(Material for the task)

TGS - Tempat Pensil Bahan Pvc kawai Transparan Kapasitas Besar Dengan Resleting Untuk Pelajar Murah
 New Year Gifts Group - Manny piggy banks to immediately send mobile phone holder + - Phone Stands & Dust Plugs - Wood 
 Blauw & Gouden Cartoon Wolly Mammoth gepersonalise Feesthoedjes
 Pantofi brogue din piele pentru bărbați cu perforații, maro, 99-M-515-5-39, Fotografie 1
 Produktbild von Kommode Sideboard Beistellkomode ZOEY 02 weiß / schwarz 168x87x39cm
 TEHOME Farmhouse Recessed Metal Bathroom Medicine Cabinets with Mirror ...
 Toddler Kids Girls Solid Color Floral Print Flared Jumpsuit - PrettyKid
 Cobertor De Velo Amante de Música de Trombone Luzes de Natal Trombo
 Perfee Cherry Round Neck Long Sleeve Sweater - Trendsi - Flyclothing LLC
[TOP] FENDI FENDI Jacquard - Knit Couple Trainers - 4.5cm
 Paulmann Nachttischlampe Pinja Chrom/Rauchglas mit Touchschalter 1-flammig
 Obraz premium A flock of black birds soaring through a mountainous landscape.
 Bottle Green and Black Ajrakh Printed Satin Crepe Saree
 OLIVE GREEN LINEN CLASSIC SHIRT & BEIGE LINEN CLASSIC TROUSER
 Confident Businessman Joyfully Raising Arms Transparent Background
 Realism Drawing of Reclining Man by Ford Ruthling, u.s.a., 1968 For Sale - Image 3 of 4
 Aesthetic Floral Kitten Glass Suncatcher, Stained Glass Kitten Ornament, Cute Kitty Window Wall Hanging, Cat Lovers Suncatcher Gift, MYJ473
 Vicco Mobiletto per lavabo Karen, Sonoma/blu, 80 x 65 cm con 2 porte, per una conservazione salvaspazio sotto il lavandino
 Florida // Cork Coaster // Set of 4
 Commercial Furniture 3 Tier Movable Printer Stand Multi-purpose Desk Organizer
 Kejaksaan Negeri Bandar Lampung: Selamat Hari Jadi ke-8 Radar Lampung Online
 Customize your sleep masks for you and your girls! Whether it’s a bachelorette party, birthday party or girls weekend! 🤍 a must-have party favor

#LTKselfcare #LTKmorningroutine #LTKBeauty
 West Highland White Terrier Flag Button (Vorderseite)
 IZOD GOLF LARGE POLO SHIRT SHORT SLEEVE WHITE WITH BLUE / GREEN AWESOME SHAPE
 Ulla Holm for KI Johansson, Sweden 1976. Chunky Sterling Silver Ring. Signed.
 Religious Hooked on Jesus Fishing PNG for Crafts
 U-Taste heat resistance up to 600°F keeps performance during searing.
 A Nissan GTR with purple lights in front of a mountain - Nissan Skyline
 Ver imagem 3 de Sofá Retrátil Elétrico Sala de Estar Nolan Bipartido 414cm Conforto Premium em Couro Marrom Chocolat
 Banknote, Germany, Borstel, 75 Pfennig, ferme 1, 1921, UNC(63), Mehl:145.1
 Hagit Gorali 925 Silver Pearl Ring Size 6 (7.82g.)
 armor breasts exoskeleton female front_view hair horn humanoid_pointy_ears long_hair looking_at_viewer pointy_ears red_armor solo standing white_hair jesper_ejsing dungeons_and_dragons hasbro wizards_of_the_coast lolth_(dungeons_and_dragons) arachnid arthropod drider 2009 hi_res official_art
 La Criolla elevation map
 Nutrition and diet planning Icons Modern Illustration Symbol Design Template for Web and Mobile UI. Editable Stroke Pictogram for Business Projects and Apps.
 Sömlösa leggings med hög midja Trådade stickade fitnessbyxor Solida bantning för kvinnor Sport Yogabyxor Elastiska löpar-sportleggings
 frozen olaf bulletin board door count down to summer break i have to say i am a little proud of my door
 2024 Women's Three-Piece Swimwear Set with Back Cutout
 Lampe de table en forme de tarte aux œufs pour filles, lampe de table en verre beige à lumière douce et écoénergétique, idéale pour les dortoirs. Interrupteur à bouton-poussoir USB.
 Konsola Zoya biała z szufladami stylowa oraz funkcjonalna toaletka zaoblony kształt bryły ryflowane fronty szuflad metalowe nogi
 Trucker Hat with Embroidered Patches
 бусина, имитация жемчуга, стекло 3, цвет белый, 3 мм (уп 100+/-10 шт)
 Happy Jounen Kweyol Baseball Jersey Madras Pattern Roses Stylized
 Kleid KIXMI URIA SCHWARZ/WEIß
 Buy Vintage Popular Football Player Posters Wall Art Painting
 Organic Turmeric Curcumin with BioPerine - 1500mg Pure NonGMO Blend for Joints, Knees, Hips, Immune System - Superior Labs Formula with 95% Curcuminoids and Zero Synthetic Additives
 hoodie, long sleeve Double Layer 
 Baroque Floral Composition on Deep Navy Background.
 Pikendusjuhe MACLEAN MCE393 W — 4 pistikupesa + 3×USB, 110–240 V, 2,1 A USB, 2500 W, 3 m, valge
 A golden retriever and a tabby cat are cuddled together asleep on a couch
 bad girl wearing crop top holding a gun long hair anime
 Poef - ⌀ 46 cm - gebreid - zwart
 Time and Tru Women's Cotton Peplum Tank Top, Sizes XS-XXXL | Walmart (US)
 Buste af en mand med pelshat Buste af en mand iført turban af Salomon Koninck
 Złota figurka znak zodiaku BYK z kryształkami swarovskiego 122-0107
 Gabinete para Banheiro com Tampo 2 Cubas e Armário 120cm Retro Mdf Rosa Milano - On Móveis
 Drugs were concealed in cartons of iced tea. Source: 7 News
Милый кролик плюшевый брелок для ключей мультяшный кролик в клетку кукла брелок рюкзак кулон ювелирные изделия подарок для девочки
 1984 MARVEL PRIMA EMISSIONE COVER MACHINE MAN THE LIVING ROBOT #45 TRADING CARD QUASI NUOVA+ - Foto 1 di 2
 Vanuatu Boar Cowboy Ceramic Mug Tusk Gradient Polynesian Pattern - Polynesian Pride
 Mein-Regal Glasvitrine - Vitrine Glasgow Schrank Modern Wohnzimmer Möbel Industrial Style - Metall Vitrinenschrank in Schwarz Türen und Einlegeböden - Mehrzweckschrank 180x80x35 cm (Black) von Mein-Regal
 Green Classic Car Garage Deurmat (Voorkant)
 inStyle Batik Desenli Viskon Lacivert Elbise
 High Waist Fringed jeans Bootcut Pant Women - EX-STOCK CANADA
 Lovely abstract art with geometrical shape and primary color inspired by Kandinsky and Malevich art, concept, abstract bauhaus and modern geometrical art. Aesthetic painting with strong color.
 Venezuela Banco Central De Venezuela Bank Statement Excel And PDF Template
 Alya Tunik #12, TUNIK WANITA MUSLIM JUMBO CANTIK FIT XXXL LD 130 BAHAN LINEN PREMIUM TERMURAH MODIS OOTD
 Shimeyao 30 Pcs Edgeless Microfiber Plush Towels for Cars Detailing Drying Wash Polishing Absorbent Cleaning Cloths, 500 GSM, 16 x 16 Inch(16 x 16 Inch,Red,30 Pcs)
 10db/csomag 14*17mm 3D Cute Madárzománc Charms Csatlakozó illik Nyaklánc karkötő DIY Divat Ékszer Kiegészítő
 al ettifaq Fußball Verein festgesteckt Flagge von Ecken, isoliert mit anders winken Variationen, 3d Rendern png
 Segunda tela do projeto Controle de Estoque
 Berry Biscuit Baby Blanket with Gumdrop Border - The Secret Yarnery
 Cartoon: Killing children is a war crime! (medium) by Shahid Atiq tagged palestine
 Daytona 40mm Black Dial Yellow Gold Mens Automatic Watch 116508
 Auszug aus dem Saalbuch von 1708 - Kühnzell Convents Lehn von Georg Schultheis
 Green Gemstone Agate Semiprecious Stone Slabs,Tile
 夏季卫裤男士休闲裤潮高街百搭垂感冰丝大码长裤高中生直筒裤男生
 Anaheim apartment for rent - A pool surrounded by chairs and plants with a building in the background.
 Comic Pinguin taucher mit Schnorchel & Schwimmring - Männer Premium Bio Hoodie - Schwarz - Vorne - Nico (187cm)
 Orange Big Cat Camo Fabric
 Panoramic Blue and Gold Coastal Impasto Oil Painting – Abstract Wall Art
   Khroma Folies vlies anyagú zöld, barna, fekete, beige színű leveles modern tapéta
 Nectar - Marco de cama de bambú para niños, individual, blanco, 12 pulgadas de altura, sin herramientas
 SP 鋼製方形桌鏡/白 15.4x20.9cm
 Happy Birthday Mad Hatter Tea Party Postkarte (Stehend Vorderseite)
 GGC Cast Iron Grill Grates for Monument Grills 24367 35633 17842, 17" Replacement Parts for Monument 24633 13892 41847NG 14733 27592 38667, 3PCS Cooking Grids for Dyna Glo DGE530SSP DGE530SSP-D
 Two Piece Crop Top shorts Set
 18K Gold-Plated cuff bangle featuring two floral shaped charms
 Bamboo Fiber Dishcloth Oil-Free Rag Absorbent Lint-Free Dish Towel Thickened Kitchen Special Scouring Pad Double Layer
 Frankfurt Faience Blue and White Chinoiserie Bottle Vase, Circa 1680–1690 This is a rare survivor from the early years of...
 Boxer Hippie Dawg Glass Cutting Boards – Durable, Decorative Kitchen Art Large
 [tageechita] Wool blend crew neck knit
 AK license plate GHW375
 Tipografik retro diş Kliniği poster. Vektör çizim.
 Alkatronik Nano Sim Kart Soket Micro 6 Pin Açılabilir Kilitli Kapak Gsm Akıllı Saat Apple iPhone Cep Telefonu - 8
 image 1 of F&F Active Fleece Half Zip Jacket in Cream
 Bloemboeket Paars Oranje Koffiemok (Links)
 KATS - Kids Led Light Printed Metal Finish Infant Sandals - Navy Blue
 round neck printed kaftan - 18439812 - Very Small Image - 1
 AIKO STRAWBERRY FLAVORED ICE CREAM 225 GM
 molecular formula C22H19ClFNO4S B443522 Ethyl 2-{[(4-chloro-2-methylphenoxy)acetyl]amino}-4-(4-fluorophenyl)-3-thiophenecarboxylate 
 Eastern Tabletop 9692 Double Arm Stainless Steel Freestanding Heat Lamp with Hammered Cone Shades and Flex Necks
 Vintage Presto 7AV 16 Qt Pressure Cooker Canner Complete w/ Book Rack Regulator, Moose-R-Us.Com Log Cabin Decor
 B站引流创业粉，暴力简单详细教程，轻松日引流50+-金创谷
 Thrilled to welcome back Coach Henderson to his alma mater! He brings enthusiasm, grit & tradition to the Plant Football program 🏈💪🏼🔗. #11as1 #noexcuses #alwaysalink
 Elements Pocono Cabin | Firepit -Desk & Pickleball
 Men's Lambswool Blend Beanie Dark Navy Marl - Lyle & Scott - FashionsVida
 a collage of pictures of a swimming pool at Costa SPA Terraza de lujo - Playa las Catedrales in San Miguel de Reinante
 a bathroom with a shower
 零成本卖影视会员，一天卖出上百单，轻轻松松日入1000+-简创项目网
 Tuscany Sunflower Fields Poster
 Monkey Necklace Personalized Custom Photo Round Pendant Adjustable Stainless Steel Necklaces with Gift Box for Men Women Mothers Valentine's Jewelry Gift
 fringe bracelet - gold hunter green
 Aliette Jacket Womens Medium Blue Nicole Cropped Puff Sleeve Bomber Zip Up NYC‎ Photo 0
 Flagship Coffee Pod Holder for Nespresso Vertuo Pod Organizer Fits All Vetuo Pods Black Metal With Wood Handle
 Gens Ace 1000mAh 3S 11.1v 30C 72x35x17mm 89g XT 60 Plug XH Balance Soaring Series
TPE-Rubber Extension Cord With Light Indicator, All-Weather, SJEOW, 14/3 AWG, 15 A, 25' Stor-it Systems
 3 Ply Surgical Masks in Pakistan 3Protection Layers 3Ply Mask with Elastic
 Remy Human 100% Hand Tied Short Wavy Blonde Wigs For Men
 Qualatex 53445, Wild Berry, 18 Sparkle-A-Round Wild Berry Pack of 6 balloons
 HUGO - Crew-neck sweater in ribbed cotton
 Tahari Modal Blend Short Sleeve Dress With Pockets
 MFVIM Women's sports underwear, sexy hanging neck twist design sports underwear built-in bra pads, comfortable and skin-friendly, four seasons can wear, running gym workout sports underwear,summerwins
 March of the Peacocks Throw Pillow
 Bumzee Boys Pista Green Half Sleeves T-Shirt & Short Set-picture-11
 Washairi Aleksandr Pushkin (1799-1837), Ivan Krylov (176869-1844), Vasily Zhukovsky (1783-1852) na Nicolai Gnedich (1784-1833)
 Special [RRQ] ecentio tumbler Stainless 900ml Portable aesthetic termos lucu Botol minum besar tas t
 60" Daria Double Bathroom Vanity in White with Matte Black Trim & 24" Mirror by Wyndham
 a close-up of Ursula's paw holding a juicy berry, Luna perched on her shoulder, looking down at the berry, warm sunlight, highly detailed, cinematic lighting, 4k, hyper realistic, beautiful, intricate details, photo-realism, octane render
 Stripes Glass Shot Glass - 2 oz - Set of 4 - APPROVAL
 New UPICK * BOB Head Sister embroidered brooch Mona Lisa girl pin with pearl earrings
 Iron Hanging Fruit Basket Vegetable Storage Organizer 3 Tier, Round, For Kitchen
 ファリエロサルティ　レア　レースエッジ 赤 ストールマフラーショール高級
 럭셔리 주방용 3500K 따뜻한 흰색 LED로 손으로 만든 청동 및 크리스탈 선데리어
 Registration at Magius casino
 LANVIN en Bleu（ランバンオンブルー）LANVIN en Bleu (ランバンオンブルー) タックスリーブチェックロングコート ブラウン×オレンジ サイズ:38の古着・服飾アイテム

(End Material for the task)

Problem description: Copy each line above where "Mirror" appears.

Answer to the problem:
 TEHOME Farmhouse Recessed Metal Bathroom Medicine Cabinets with Mirror ...
 60" Daria Double Bathroom Vanity in White with Matte Black Trim & 24" Mirror by Wyndham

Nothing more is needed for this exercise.